──────── Dataset content

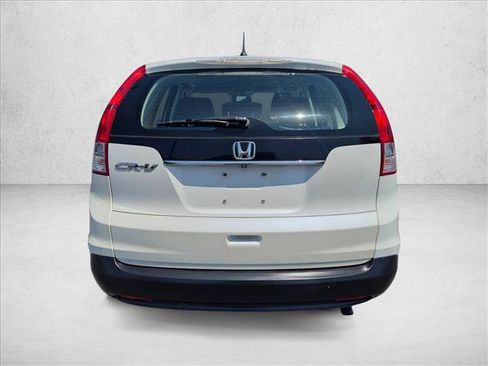 Used 2014 Honda CR-V LX image 7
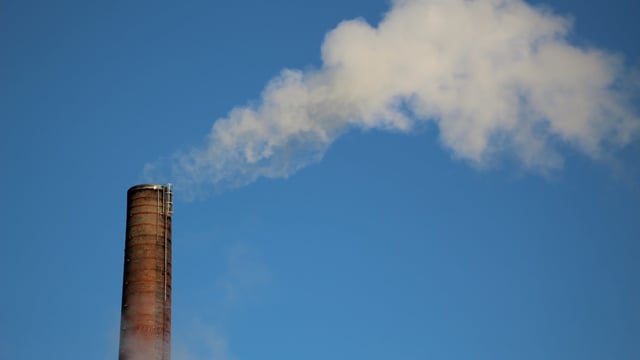 SEAI: Energy emissions up 5.4% in 2021 despite carbon budget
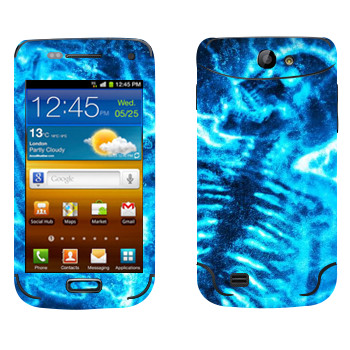   «Mortal Kombat »   Samsung Galaxy W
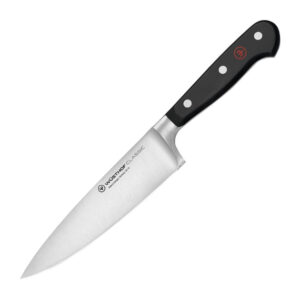 Wüsthof Kochmesser 15,2cm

────────────────

▸ Work request
Full transcription of the material, exact in every line, without images.

▸ Task response
 Used 2014 Honda CR-V LX image 7
 SEAI: Energy emissions up 5.4% in 2021 despite carbon budget
   «Mortal Kombat »   Samsung Galaxy W
 Wüsthof Kochmesser 15,2cm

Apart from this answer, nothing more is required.